Crawled caption data
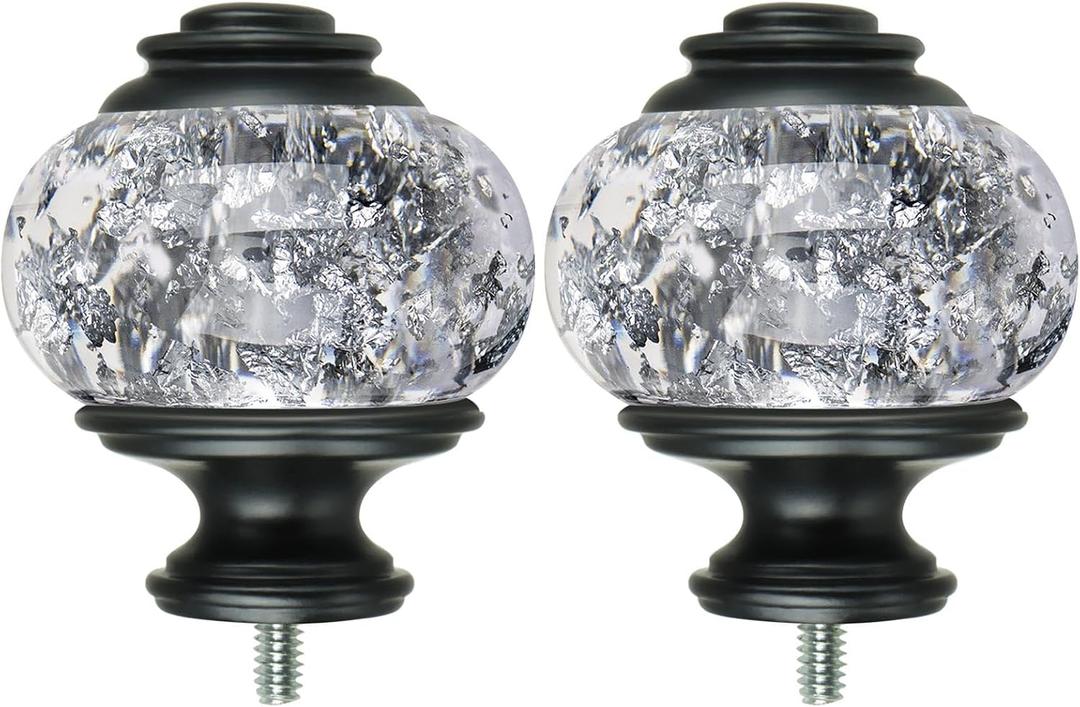 2 Pack Window Treatment Finials for 1 or 7/8 Inch Curtain Rods, Black Drapery Rods Replacement Finials with M6 Screws, Translucent Finials Embedded with Silver Foil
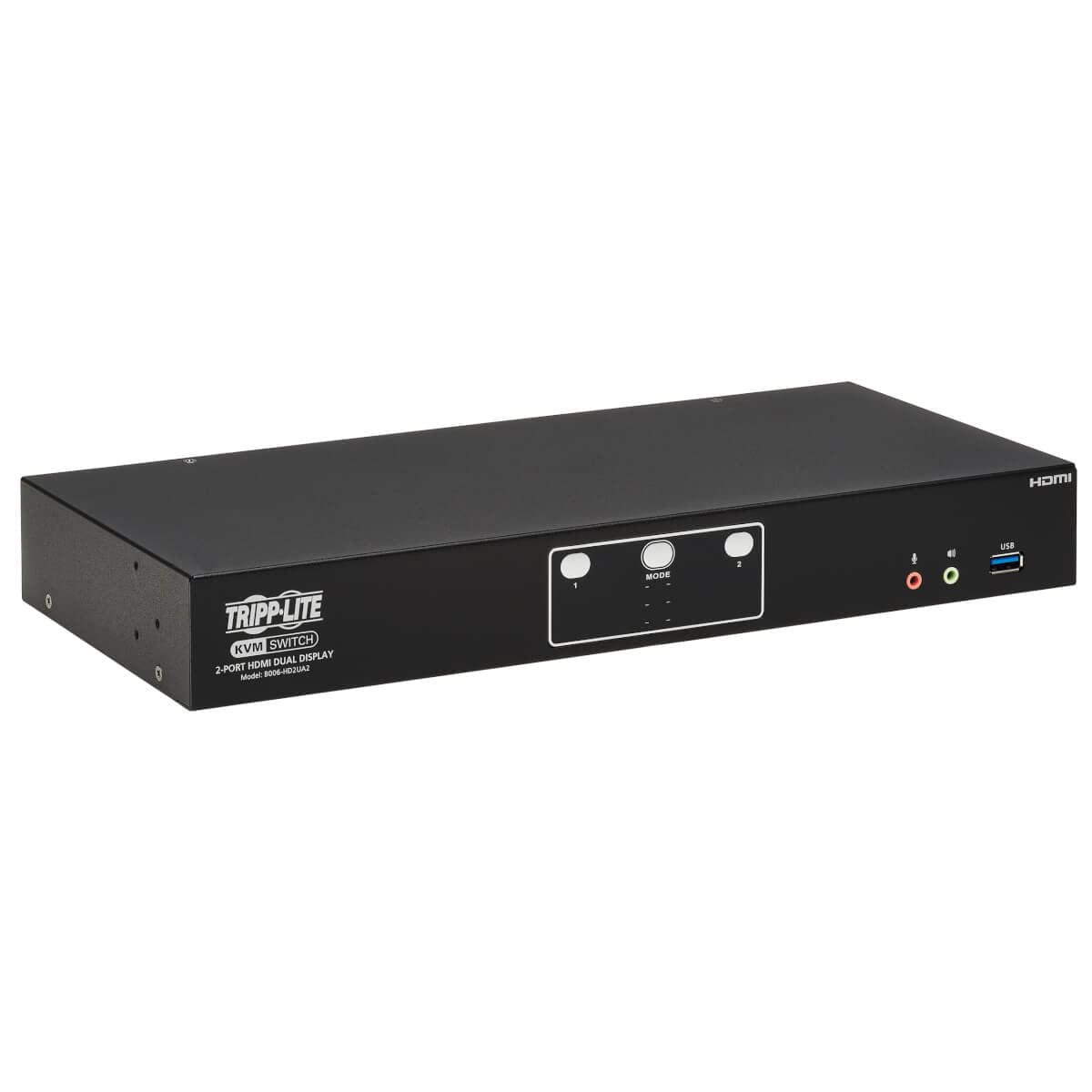 Tripp Lite HDMI KVM Switch 2 Monitors 2 Computers, Dual Monitor KVM Switch, UHD 4K@60Hz Video, Two USB 3.2 Gen 1 Ports, 3-Year Warranty (B006-HD2UA2)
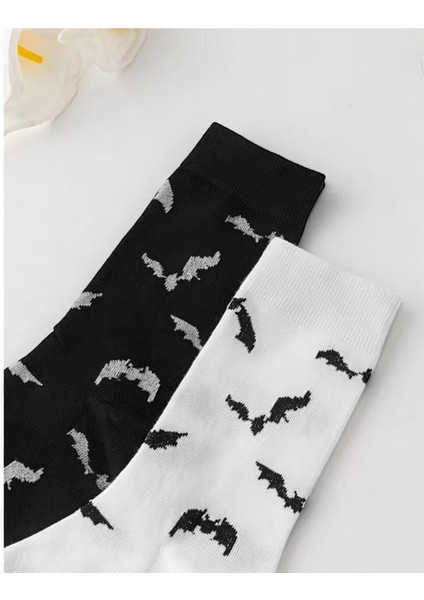 Unisex 4 Çift Halloween Örümcek ve Yarasa Desenli Cadılar Bayramı Temalı Soket Çorap modelleri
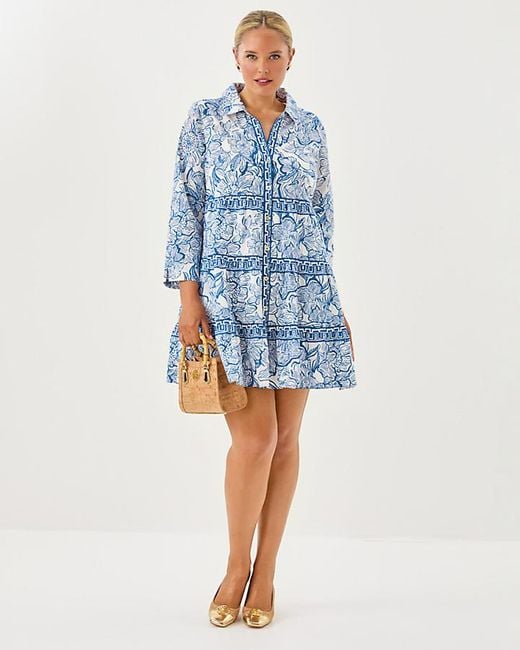 Lilly Pulitzer Blue Angie Shirtdress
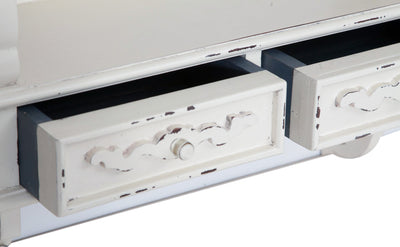 Biscottini Mensola etagere a muro in legno massello di mogano finitura bianca anticata 52x20x90 cm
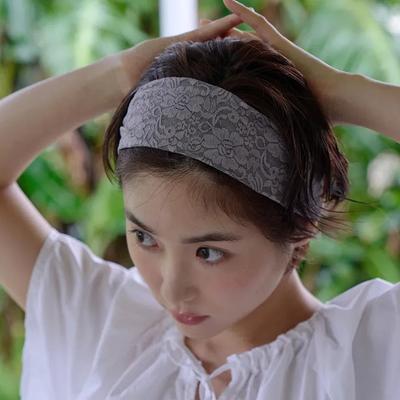Flower Lace Hair Band - Grey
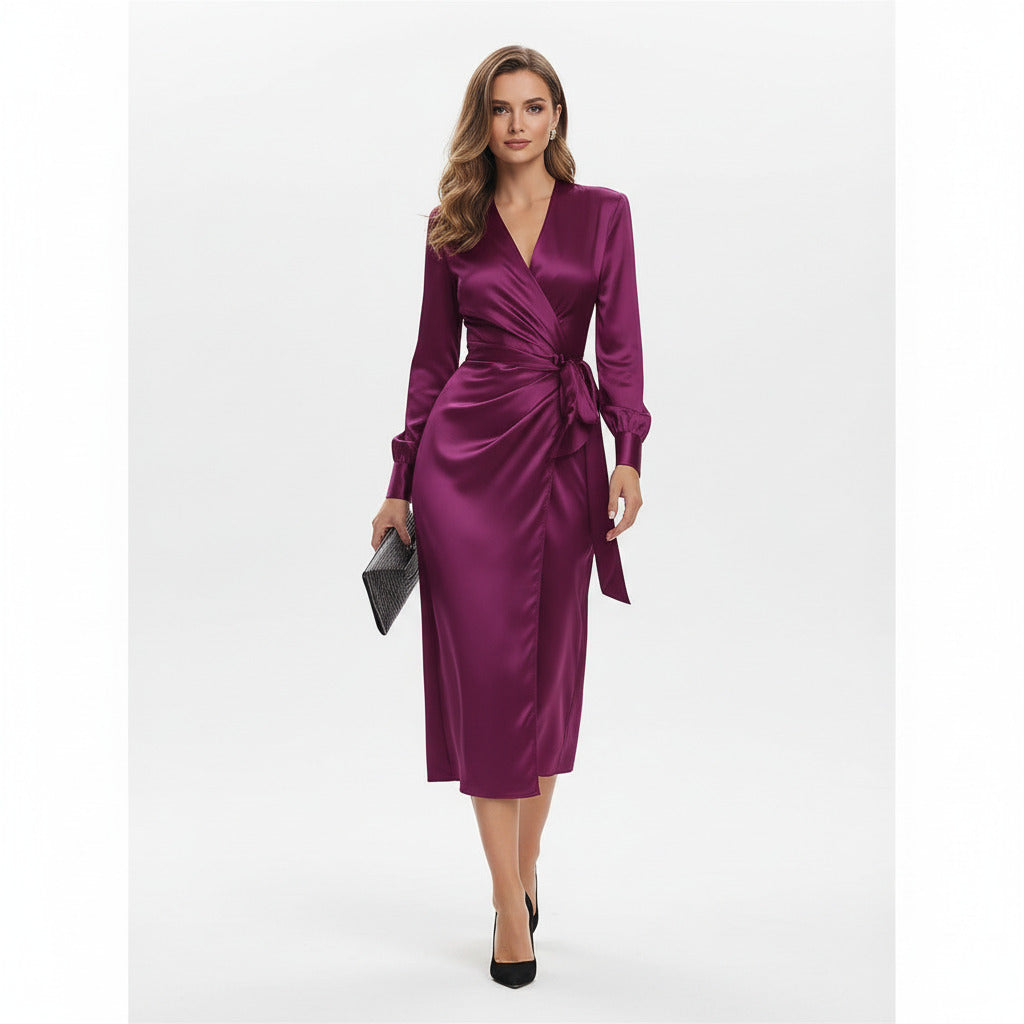 VIOLETTE | SATIN LACE-UP SHEATH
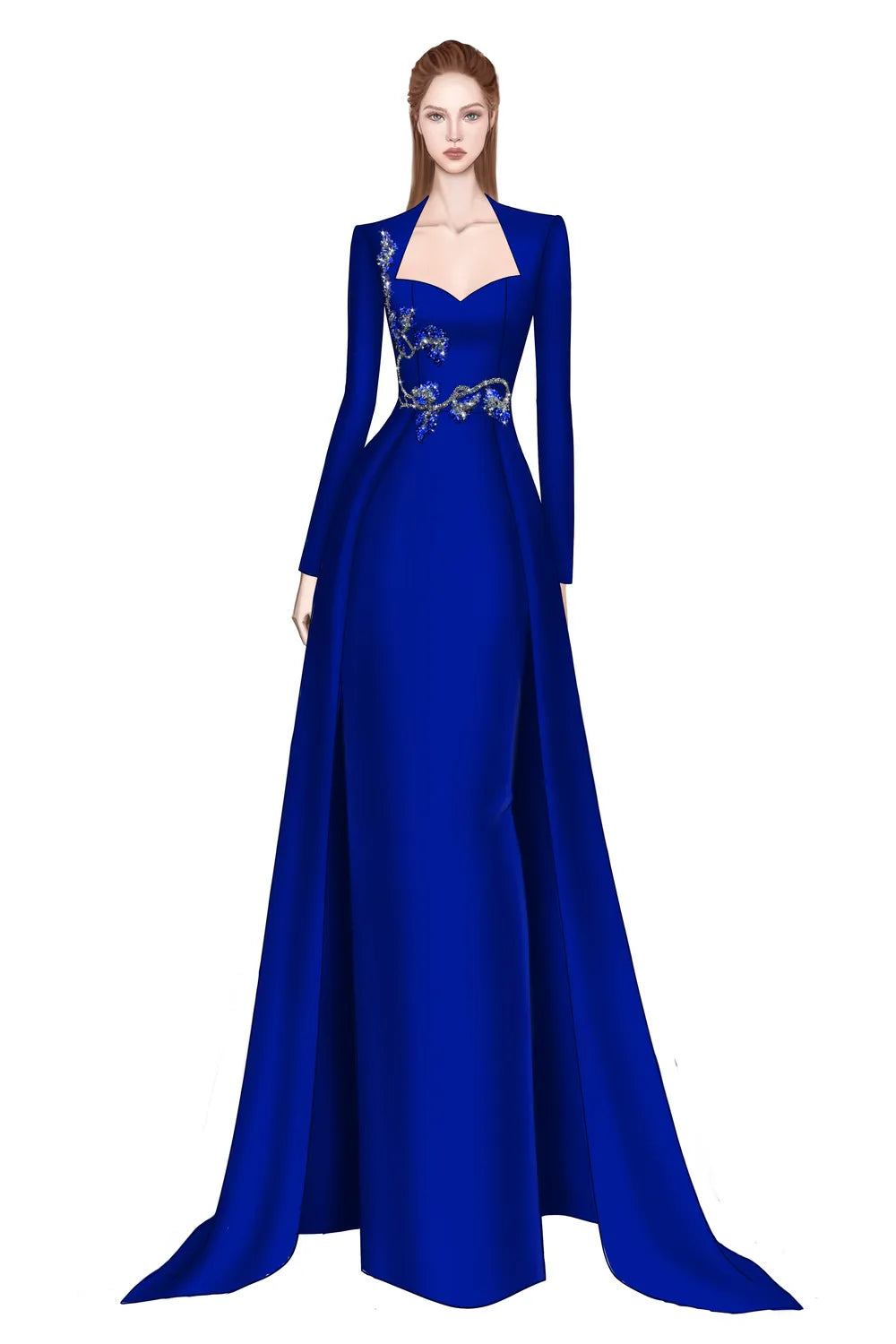 3D Embellished Anne Queen Neck A-line Dress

▶ AIM OF THE EXERCISE
Once you find the line with "Tripp Lite HDMI", restate it and every later line of the data word for word, excluding the pictures.

▶ EXERCISE ANSWER
 Tripp Lite HDMI KVM Switch 2 Monitors 2 Computers, Dual Monitor KVM Switch, UHD 4K@60Hz Video, Two USB 3.2 Gen 1 Ports, 3-Year Warranty (B006-HD2UA2)
 Unisex 4 Çift Halloween Örümcek ve Yarasa Desenli Cadılar Bayramı Temalı Soket Çorap modelleri
 Lilly Pulitzer Blue Angie Shirtdress
 Biscottini Mensola etagere a muro in legno massello di mogano finitura bianca anticata 52x20x90 cm
Flower Lace Hair Band - Grey
 VIOLETTE | SATIN LACE-UP SHEATH
 3D Embellished Anne Queen Neck A-line Dress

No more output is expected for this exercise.